Une cause fréquente de décès chez les pauvres
était l'étouffement. L'habitude de dormir tous ensemble
sur un grand châlit, le souci de tenir le bébé
au chaud amenaient les parents à garder le petit couché
entre eux et les accidents mortels n'étaient pas rares.
En-dessous de 5 ans, ils mouraient de fièvres, de la variole,
de dysenterie, de sous-alimentation.
Dès que l'enfant commence à se déplacer et
surtout quand un autre bébé est venu prendre sa
place, il est soumis aux multiples danger de la vie rurale: bêtes,
puit, outils etc... Une surveillance attentive n'est souvent pas
possible quand la simple survie occupe les deux parents.
paraît confortable". Pour le propos qui nous occupe, on voit toutefois les multiples dangers qui y guettaient les petits: le feu, la grande marmite pleine de liquide brûlant, le chien qui dort dans le berceau, les grands ciseaux à portée des menottes, l'escalier raide et sans rampe, les outils qui traînent ça et là. Certes les adultes sont nombreux mais chacun a beaucoup à faire : ainsi la maman allaite son dernier-né tout en surveillant la marmite et en jetant un coup d'oeil sur le 2ème qui boit son "biberon" tout seul, tandis que l'aîné parle avec l'épouse du seigneur venu rendre visite à son fermier. |
Pendant plusieurs siècles,
les couples attacheront peu d'importance aux naissances. Les femmes
étaient régulièrement enceintes, ne connaissant
pas les moyens de contraception. Parfois, ils avaient recours
à des pratiques abortives quoique la pratique la plus courante
d'avortement ait été l'infanticide. Cet acte était
mal réprimé par la loi; en effet, vu la fragilité
des nouveaux-nés, il passait souvent inaperçu (voir aussi) Dans les campagnes,
l'infanticide touchait plus particulièrement les filles
car celles-ci n'étaient pas aussi utiles que les garçons
pour travailler dans les champs.
Comme on l'a vu ailleurs,
l'Eglise va encourager l'adoption pour lutter contre l'infanticide.

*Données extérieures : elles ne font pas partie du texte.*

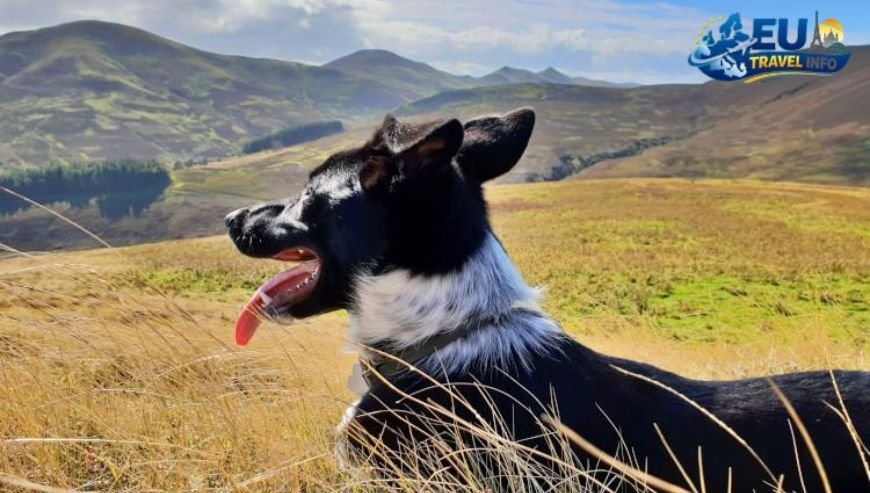 Exploring Other Parts of the Island dog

L'autre moyen de se débarrasser d'un enfant non voulu,
l'avortement, est lui terriblement sanctionné.
Ce mépris de la vie, cette insouciance pour les petits enfants est un fait social bien oublié aujourd'hui. Il est vrai qu'à partir du début des Temps Modernes, un mouvement se dessine pour protéger les jeunes existences et les prendre en considération. On commence à libérer les enfants des bandelettes serrées du maillot primitif, à considérer le nu enfantin comme un modèle d'angélisme. Le nourrisson n'est plus l'objet d'un mépris, un petit animal bruyant que l'on berce avec rudesse pour ne plus l'entendre. D'ailleurs, l'Eglise enseigne désormais avec de plus en plus d'insistance que l'âme est donnée à l'homme dès sa naissance, qu'il faut baptiser très vite le nouveau né et ne plus attendre l'âge de deux ou trois ans comme le voulait la coutume. La peur très présente de l'enfer et l'importance du baptême vont avoir pour conséquences de positiver les décès prématurés. Pour la plupart des parents,en effet, ce n'est pas un scandale de voir une vie brisée si tôt mais au contraire une chance: l'enfant baptisé n'a pas encore eu le temps de pécher; il est donc assuré du paradis et soulagé d'une vie de larmes et de peines.
La nourrice, deuxième
mère de l'enfant ?
Les parents pensèrent
alors que le mieux pour leurs enfants était de les placer
au bon air de la campagne, chez une nourrice. Ces parents sont
souvent issus de la bourgeoisie moyenne ou petite, ce sont ceux
qui n'ont pas les moyens de se procurer une nourrice à
domicile mais qui doivent néanmoins soit avoir une vie
mondaine, soit travailler très durement. Dans ce type de
foyers, on ne peut se permettre de supporter les cris d'un bambin
ou de lui prodiguer des soins, alors on décharge cette
tâche sur une autre personne, la nourrice. Pourtant les
études prouvent que c'est précisément chez
les enfants mis en nourrice que la mortalité est la plus
élevée (30 à 40% de décès!),
si l'on met à part chez les enfants abandonnés.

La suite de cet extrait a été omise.